▸ GOAL OF THE EXERCISE
Repeat all of the data precisely.

▸ DATASET EXTRACT
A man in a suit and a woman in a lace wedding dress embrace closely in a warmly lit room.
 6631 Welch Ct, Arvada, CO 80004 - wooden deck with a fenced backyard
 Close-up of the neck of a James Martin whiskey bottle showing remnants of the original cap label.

▸ RESPONSE BOX
A man in a suit and a woman in a lace wedding dress embrace closely in a warmly lit room.
 6631 Welch Ct, Arvada, CO 80004 - wooden deck with a fenced backyard
 Close-up of the neck of a James Martin whiskey bottle showing remnants of the original cap label.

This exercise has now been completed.